So far this year, more than 63,000 migrants have arrived in Italy by sea, according to UNHCR.
This boat intercepted by the Italian Navy on June 30 was carrying nearly 600 people - including the dead bodies of some 30 would-be migrants found in the hold. Keystone

Swiss Justice Minister Simonetta Sommaruga says Switzerland is ready to help Italy in coping with the influx of migrants to its shores. So far this year, more than 63,000 migrants have arrived in Italy by sea, according to the UN refugee agency (UNHCR). 

Sommaruga was in Milan on Tuesday for a meeting of European Union interior ministers to discuss migration issues.

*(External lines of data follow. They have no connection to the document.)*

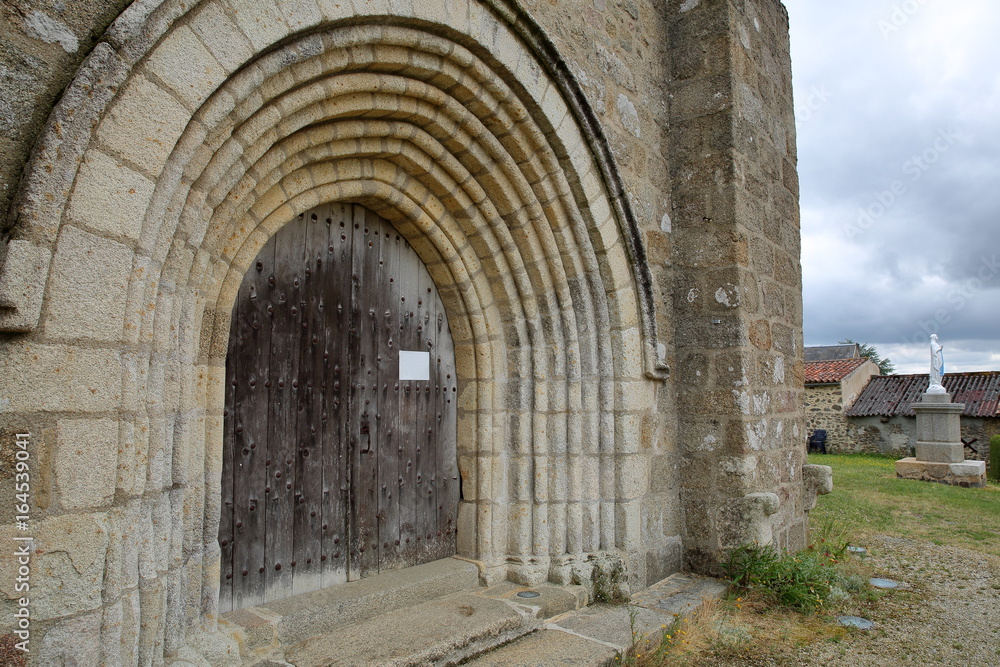 The main entrance to Vieux Pouzauges Church with a statue of Virgin Mary in the background, Pouzauges, Vendee, France
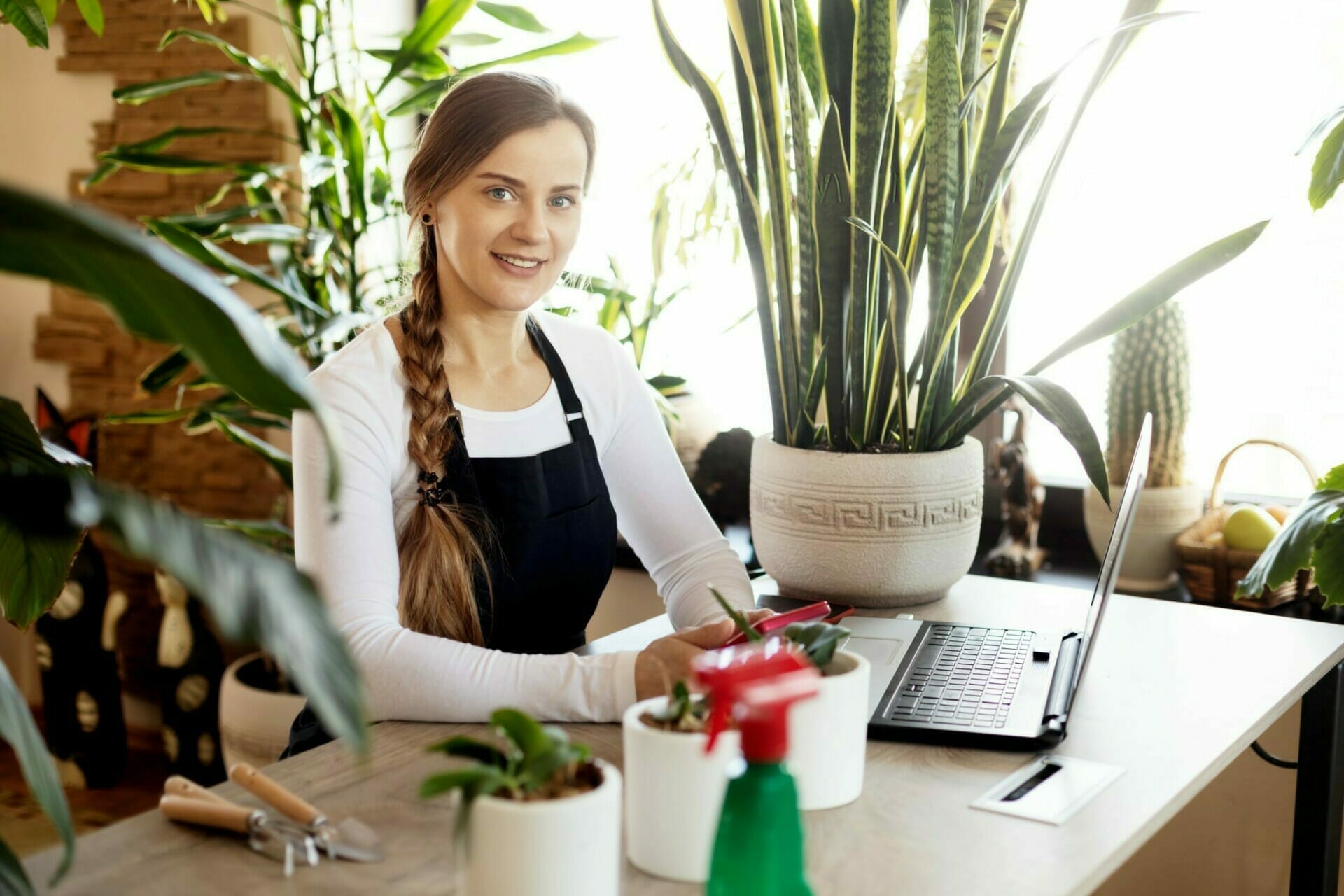 a-florist-girl-uses-a-laptop-while-working-at-a-flower-shop-and-takes-orders-online-small-business_t20_G03zn6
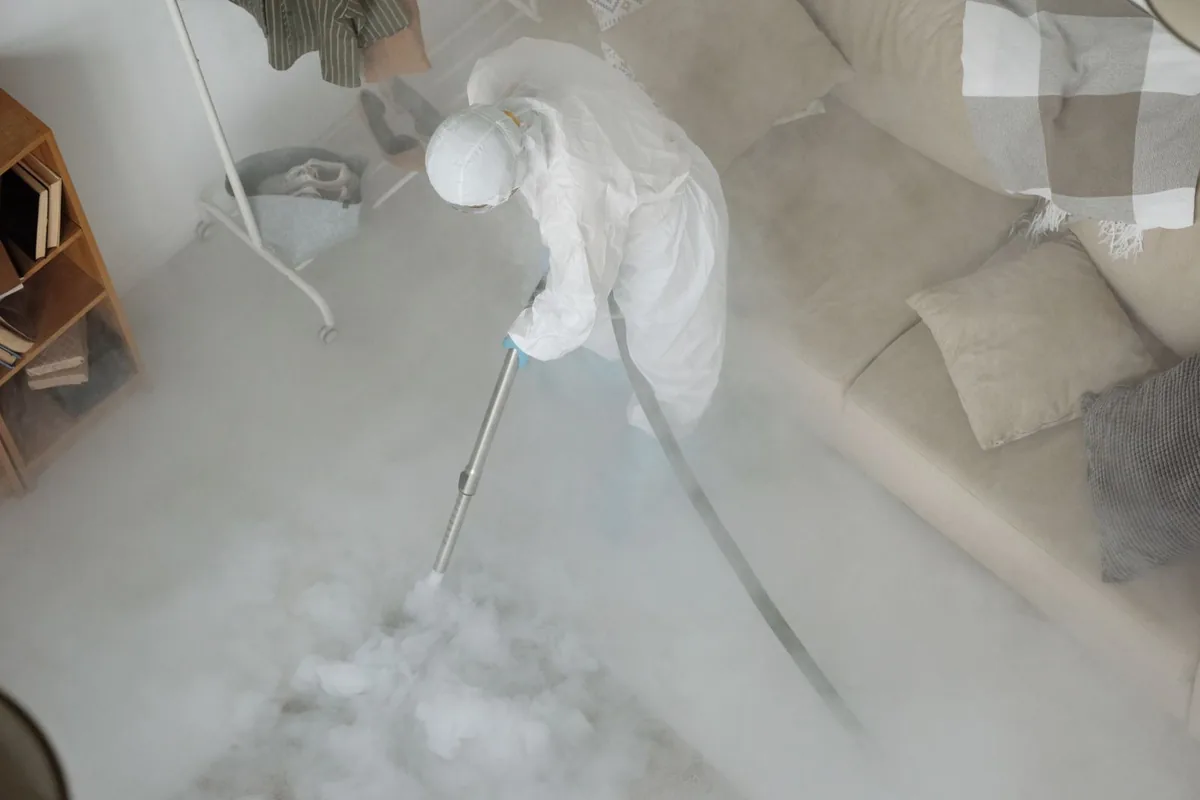 Biohazard cleanup technician in protective equipment, Britt, IA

On the sidelines she held bilateral talks with Italian Interior Minister Angelo Alfano and said Switzerland was prepared to support Italy in the welcoming and registering of refugees.

During Tuesday’s meeting of interior ministers she called for greater solidarity from other European states and said it was not normal that five countries – Italy, Germany, France, the Netherlands and Sweden – handled three-quarters of all asylum requests in Europe.

“Switzerland is open to discussions on how the Dublin system evolves with the objective of a balanced sharing of responsibilities,” she said.

She added that the fact that all the refugees arriving cannot be properly registered was problematic and a risk for security across Europe, as people are entering Europe’s so-called Schengen space without their identities being checked.

Cooperation with other countries such as Libya was a priority for Switzerland, Sommaruga said.

“We cannot tolerate criminals taking advantage of human distress and playing with the lives of migrants,” she declared.

Record numbers

So far this year, more than 63,000 migrants have arrived in Italy by sea, according to UNHCR, surpassing the previous record of around 62,000 set in the whole of 2011, the year of the “Arab Spring” uprisings.

Italy – along with Spain, Greece and Malta – have been left mostly on their own to manage the growing number of migrants who seek to enter the EU in boats departing from North Africa, partly because increasing anti-immigrant sentiment in countries like Britain and France makes it unpopular to help out.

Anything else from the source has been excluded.